<h1 style="text-align: center;">WordNet & WSD - Tutorial</h1> 

* WordNet synset names use a precise format e.g., **bank.n.01**:
    * bank → **The lemma name** (the word itself).
    * n → **Part of speech (POS)**: n = noun, v = verb, a = adjective, r = adverb.
    * 01 → **The sense number** of that word (because a word may have multiple meanings).

In [11]:
import nltk
# Download wordnet for the first time
nltk.download("wordnet")

from nltk.corpus import wordnet as wn

# Get all synsets for "bank"
for syn in wn.synsets("bank"):
    print(syn, ":", syn.definition())


Synset('bank.n.01') : sloping land (especially the slope beside a body of water)
Synset('depository_financial_institution.n.01') : a financial institution that accepts deposits and channels the money into lending activities
Synset('bank.n.03') : a long ridge or pile
Synset('bank.n.04') : an arrangement of similar objects in a row or in tiers
Synset('bank.n.05') : a supply or stock held in reserve for future use (especially in emergencies)
Synset('bank.n.06') : the funds held by a gambling house or the dealer in some gambling games
Synset('bank.n.07') : a slope in the turn of a road or track; the outside is higher than the inside in order to reduce the effects of centrifugal force
Synset('savings_bank.n.02') : a container (usually with a slot in the top) for keeping money at home
Synset('bank.n.09') : a building in which the business of banking transacted
Synset('bank.n.10') : a flight maneuver; aircraft tips laterally about its longitudinal axis (especially in turning)
Synset('bank.v.0

[nltk_data] Downloading package wordnet to C:\Users\Khor Kean
[nltk_data]     Teng\AppData\Roaming\nltk_data...
[nltk_data]   Package wordnet is already up-to-date!


In [12]:
# Get all noun senses of 'bank'
bank_synsets = wn.synsets('bank', pos=wn.NOUN)
for syn in bank_synsets:
    print(syn, ":", syn.definition())

Synset('bank.n.01') : sloping land (especially the slope beside a body of water)
Synset('depository_financial_institution.n.01') : a financial institution that accepts deposits and channels the money into lending activities
Synset('bank.n.03') : a long ridge or pile
Synset('bank.n.04') : an arrangement of similar objects in a row or in tiers
Synset('bank.n.05') : a supply or stock held in reserve for future use (especially in emergencies)
Synset('bank.n.06') : the funds held by a gambling house or the dealer in some gambling games
Synset('bank.n.07') : a slope in the turn of a road or track; the outside is higher than the inside in order to reduce the effects of centrifugal force
Synset('savings_bank.n.02') : a container (usually with a slot in the top) for keeping money at home
Synset('bank.n.09') : a building in which the business of banking transacted
Synset('bank.n.10') : a flight maneuver; aircraft tips laterally about its longitudinal axis (especially in turning)

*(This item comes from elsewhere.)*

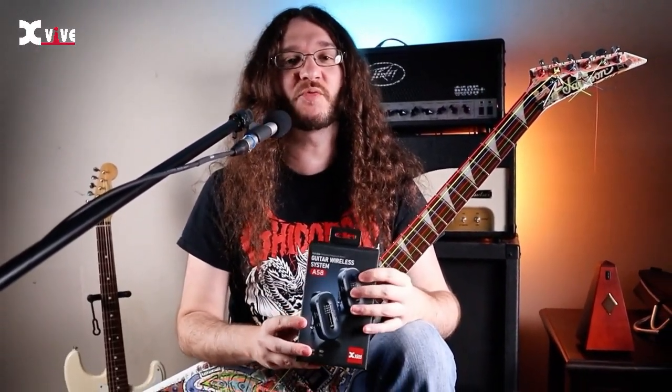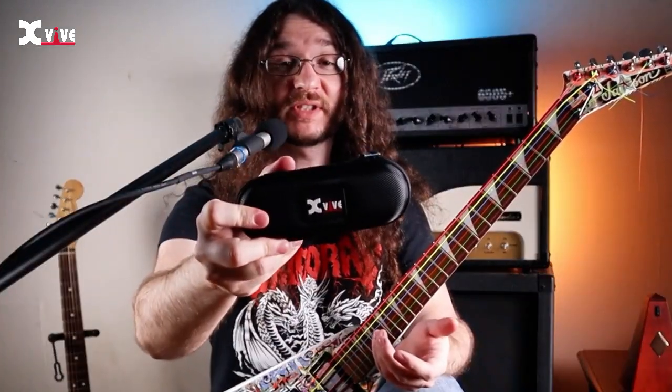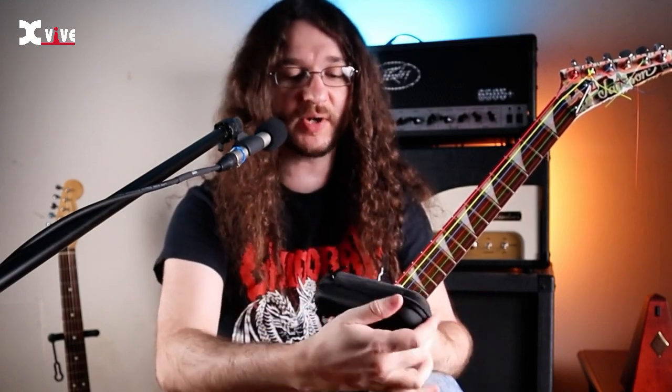X5 just sent me their brand new A58 wireless guitar system, so let's check it out and see how it works. It comes in this really nice looking compact case. You could probably throw this in your gig bag or keep it in your guitar case for when you're traveling.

## Taxonomy-Based Similarity
* It’s a semantic similarity metric between **two synsets (word senses) within the same part of speech** (noun-noun, verb-verb, etc.).
* The **shortest path between two synsets in WordNet based on their hypernym/hyponym tree**.
* **path similarity Formula:** 1/(shortest path length + 1)
* Range:
  * 1.0 → identical synsets (maximum similarity)
  * Close to 0 → distant or unrelated synsets
  * None → no path between the synsets (usually if they are different parts of speech, e.g., noun vs verb).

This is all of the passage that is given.